■ PROVIDED MATERIAL ■
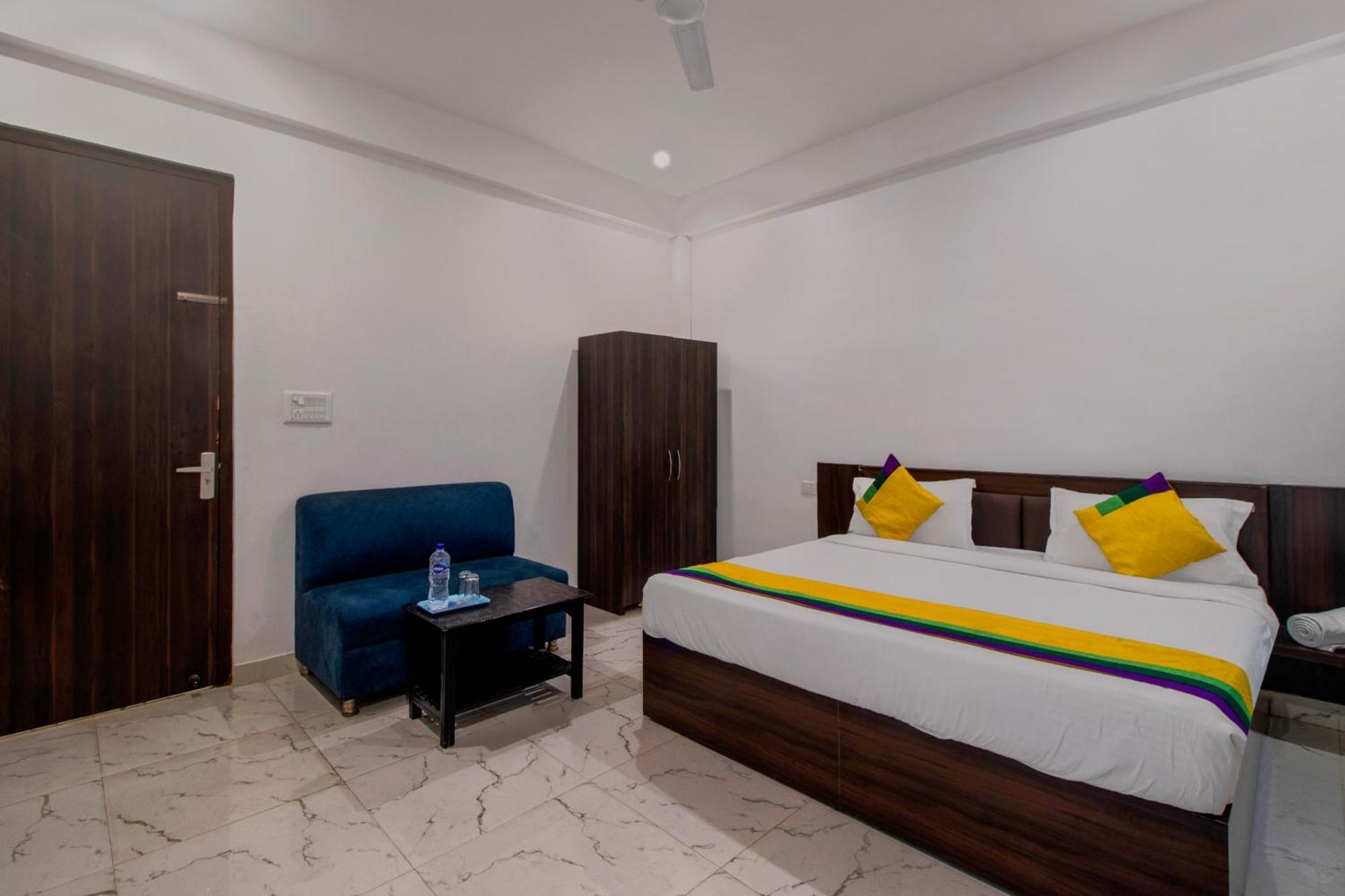Hotel O Om Pushp Residency Mathura Exteriör bild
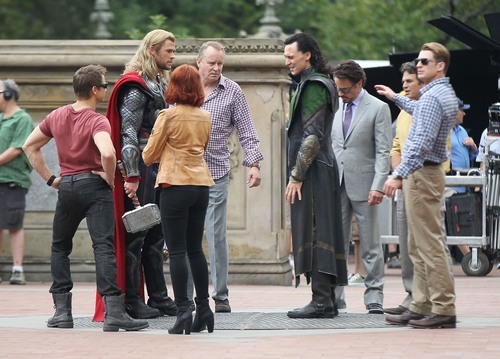sassylazzy: everyone take a moment and look at how jeremy renner is standing. okay bye. 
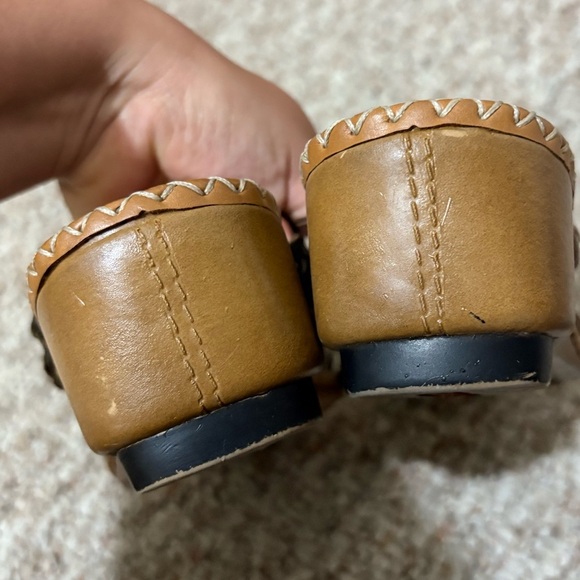 Rieker sz 38 (US 7) Brown Slip On Wedge w/Floral Design Padded Leather Footbed - Picture 4 of 8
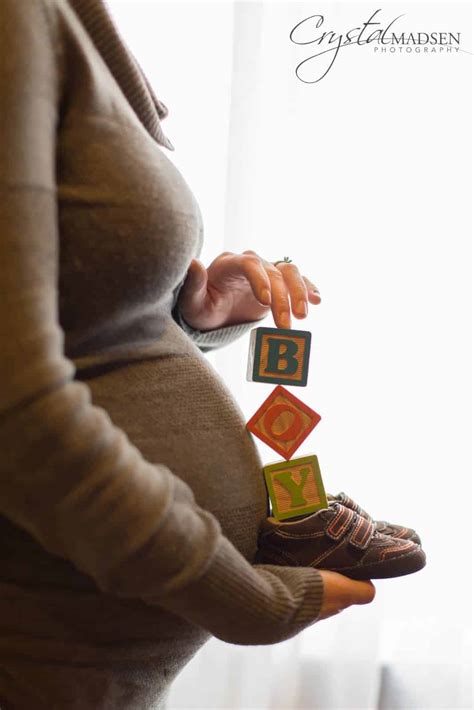 I know it's tempting to think that we need to leave our home and go to some interesting or far flung location to get great photos, but there is a wealth of opportunity to practice. 15 Adorable & Easy Ideas For Your Maternity Shoot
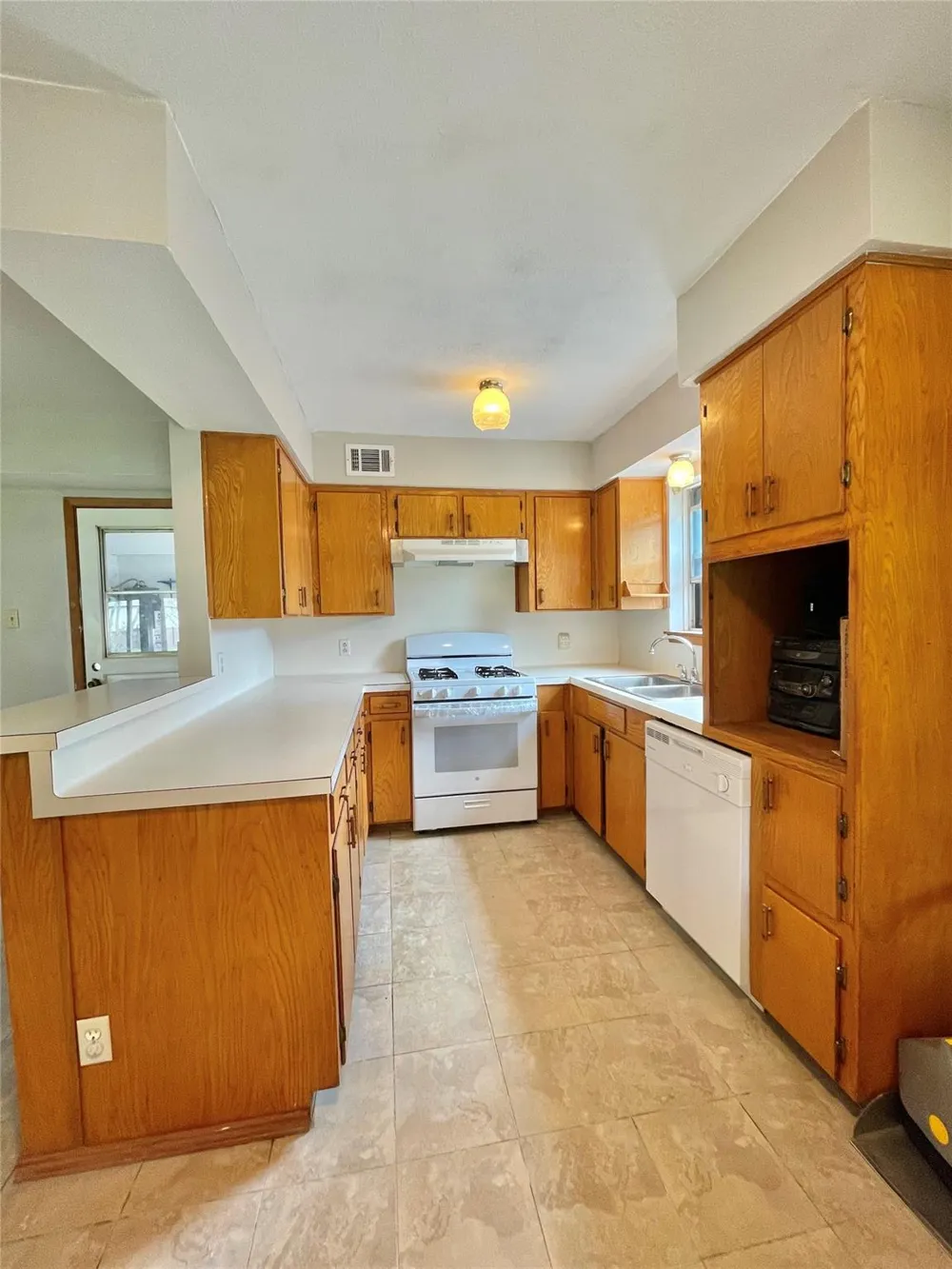 509 Dwyer Street Angleton, TX 77515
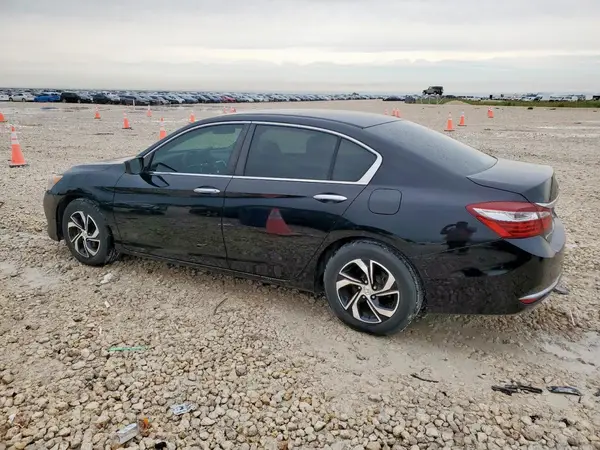 1HGCR2F36HA084803 2017 HONDA ACCORD - Image 2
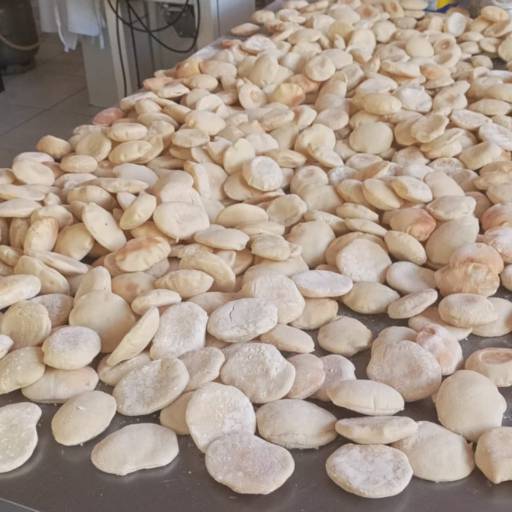 Comprar o produto de Pão sírio  em Quitandas pela empresa Panificadora Mariana em Mineiros, GO por Solutudo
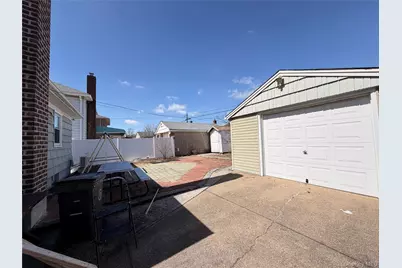 15739 20th Road, Whitestone, NY 11357 - Photo 13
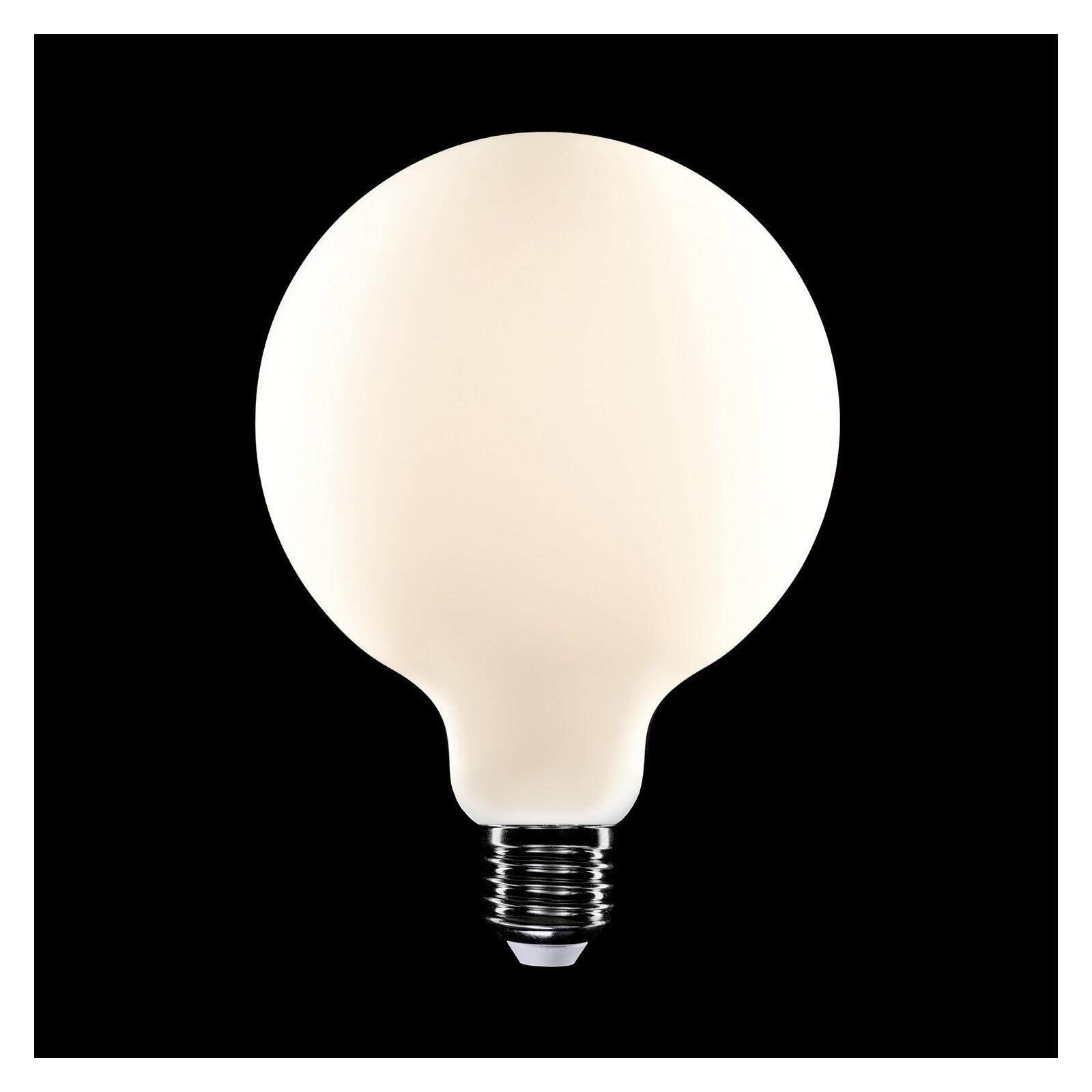 P04 LED Porcelain Effect Globe Bulb, G125 7W 640LM CRI 95 E27 2700K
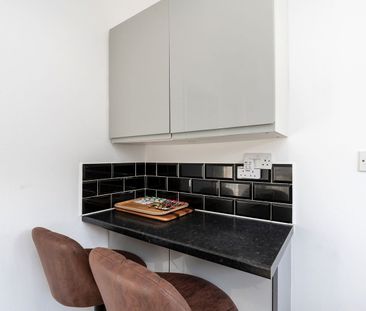 3 Bed Terraced House, Woodside Road, NG9 - Photo 5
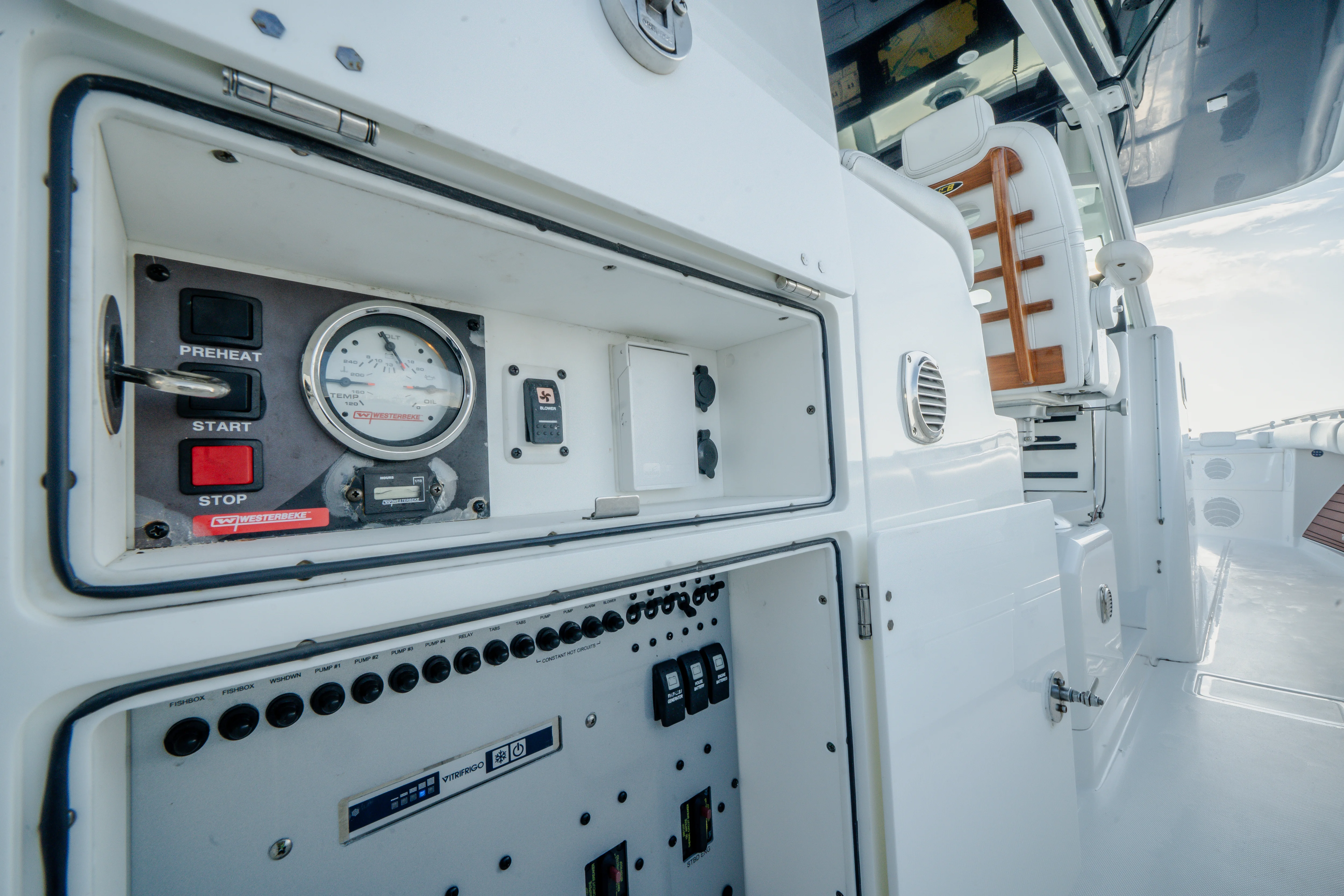 2020 HCB 53 Suenos Image Thumbnail #28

■ EXERCISE ■
Could you repeat exactly the lines from the one containing "15739 20th Road, Whitestone, NY" to the last line of the records, both included, and leave out every picture?

■ FINISHED TASK ■
 15739 20th Road, Whitestone, NY 11357 - Photo 13
 P04 LED Porcelain Effect Globe Bulb, G125 7W 640LM CRI 95 E27 2700K
 3 Bed Terraced House, Woodside Road, NG9 - Photo 5
 2020 HCB 53 Suenos Image Thumbnail #28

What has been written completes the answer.